2.2.3. Criteria for Differentiating Water Scarcity- and Heatwave-Induced Droughts

Given the heterogeneity of vegetation coverage and the distinct topographical features of the Songnen Plain [34], it became imperative to undertake separate spatial and temporal examinations of heatwave-induced and water scarcity-induced flash droughts. The mechanism triggered by a flash drought can be classified into two categories [13,17]: One is precipitated by short-term high-temperature weather, specifically heatwaves that intensify soil evaporation and precipitate a sharp decrease in soil water content. The second type of flash droughts is attributed to a regional precipitation deficiency, resulting in an insufficient soil water content, and weakened soil evapotranspiration capacity, coupled with abnormally high air temperatures. More precisely, when the air temperature is anomalously high, accompanied by low soil moisture content and evapotranspiration exceeding the norm, it is classified as a heatwave-induced flash drought. Conversely, when the air temperature remains abnormally high but the soil moisture content is low and precipitation falls below the standard range, it is identified as a water scarcity-induced flash drought [19,35].

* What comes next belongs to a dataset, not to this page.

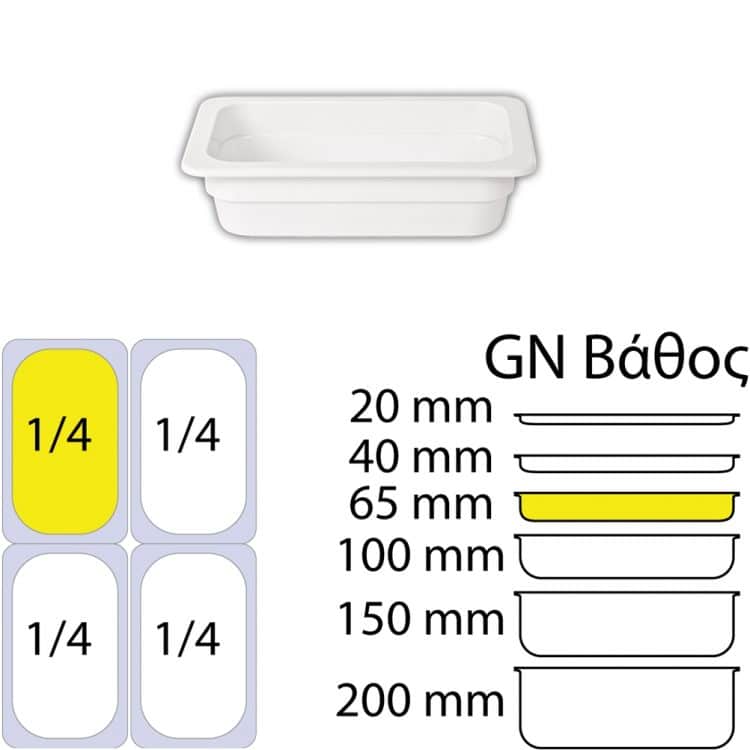 εικόνα από Δοχείο Γαστρονομίας στοιβαζόμενο μελαμίνης GN1/4 – 16.2x26.5x6.5cm, άσπρο, ALAR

The type of flash droughts was identified according to the following procedure:
(i) Temperature condition judgment: Determine whether the temperature anomaly of a certain meteorological day is higher than 1.0 times the standard deviation.
(ii) Determination of the ET conditions: If the air temperature is abnormally high, the soil moisture is low, and the ET anomaly is positive, it is a heatwave-induced flash drought; otherwise, if the air temperature is abnormally high, the soil moisture is low, and the ET anomaly is negative, it is a water scarcity-induced flash drought.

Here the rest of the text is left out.